TOP: Spielwelt, Suchtfaktor
FLOP: Questsdesign, PVP (und schon wieder dieses bescheuerte "im Kreis rennen"... da hoff ich auf GW2, das Movement sieht seht gut aus)


----------



## Kafka (1. April 2011)

Na die wichtigsten Sachen wurden bei Top ja schon gesagt, also gehe ich mal ans Wirtschafftliche^^

Man kann beim Leveln mit irgendwelchen Schrott der am Strasenrand liegt massig Platin verdienen (Artefakte).

Beim AH scheinen einige Leute miit den Preisangaben nicht so recht klar zu kommen (Hab vorhin ne epische Lederhose für *40 GOLD* gekauft! Sowas is mir schon öfters unter gekommen, natürlich mit anderen Items, aber da ich ein Schnäppchenjäger bin is das ein + für mich^^)


Joa Negativ sind mir auch die Quests aufgefallen. Besonders die Quests am Ende der Freimark beim Berg und der Burg haben mich tierisch angekotzt.
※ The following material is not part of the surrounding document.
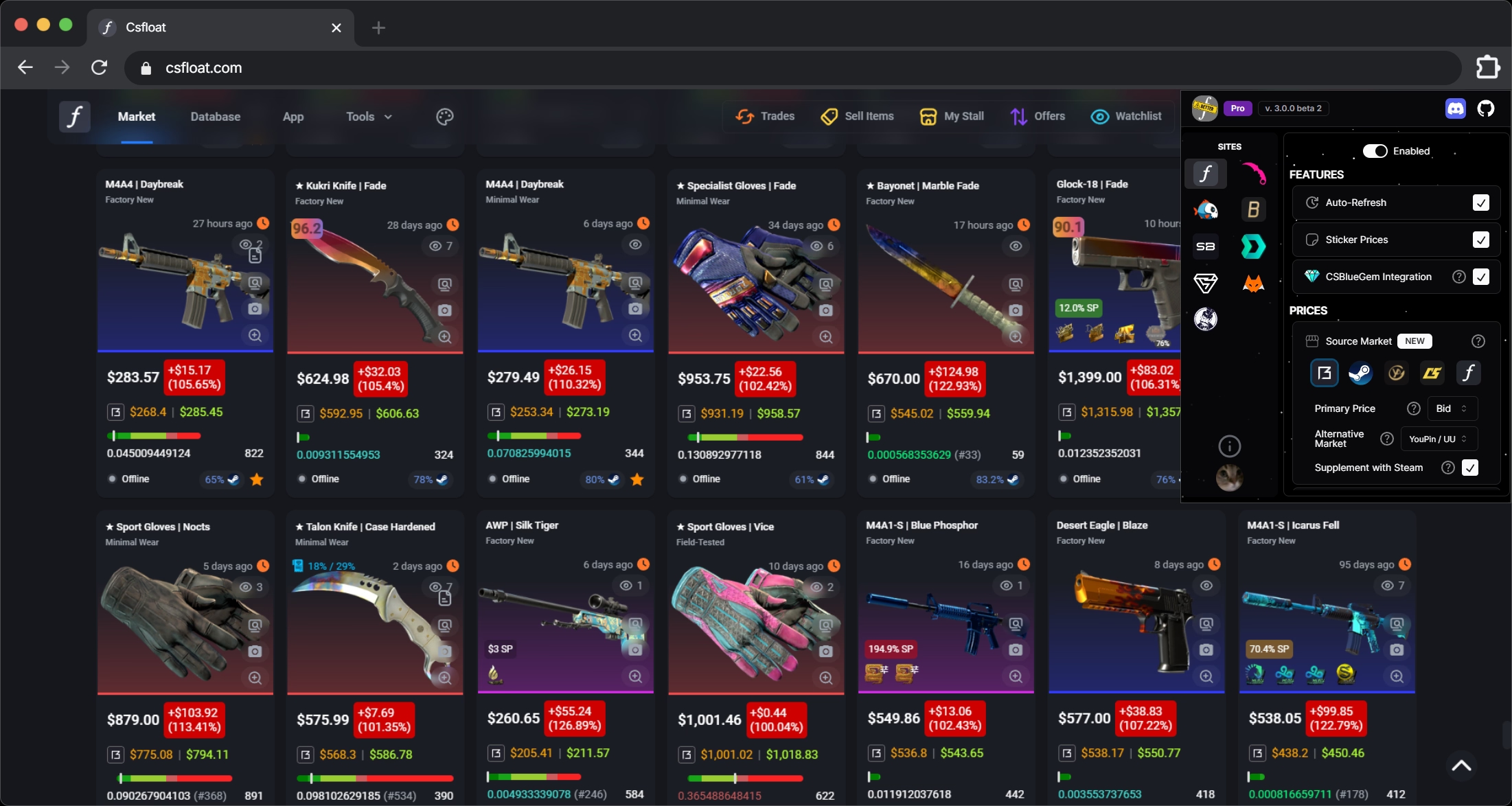 BetterFloat price and item insights on the CSFloat marketplace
Quest 1 Lauf den Berg hoch und kill quasi alles was da rum rennt. Gefühlte 50 Mobs später kommt man wieder zum Questgeber, der einen dann quest 2 gibt wo man den Berg mit den Mobs wieder hoch rennen soll, um dann da in der Burg Mobs zu killen und sachen einsammeln. Natürlich haben die ganzen Mobs schon Respawn, wenn man wieder hoch will und dann verläuft man sich auchnoch in der Burg und ist irgendwann so verzweifelt, das man einfach ne Mauer runter springt, wo natürlich wieder Mobs warten.... Naja grob gesagt einige Quests sind einfach kacke^^


----------



## Micro_Cuts (1. April 2011)

+geile optik, sehr liebevoll gemacht, geiler (umgebungs)sound
+geiles seelensystem (skillsystem)
+sehr viele quests
+das design der mounts in rift, vorallem der hochstufigen is hammer!!! 

-waffen finde ich auf low level etwas langweilig designed
-zu wenig portale
-keine gildenbank

eine kleine anmerkung zu den quests: viele sagen ja sie sind langwielig. ja es sind hauptsächlich typische mmo quests ... kill dies, benutze jenes, zerstöre das. aber selbst wow hat erst mit den letzten beidne addons angefangen etwas mehr pepe rein zu bringen.


----------



## Fyralon (1. April 2011)

Micro_Cuts schrieb:


> +geile optik, sehr liebevoll gemacht, geiler (umgebungs)sound
> +geiles seelensystem (skillsystem)
> +sehr viele quests
> +das design der mounts in rift, vorallem der hochstufigen is hammer!!!
> ...





Kann dir nur zustimmen!Anzumerken wäre noch :

Super Service,Authenticitaor Key in Windeseile und kostenlos...Hotfixes,gutes Balancing,geile Kriegsfronten,super Atmosphäre,selbst die Community dort ist um Klassen netter und gesitteter als sie es in dem 3 Buchstaben Spiel je war bzw sein wird.Geile wirklich geile Skills,Talentbäume,Movement,Animationen der casts....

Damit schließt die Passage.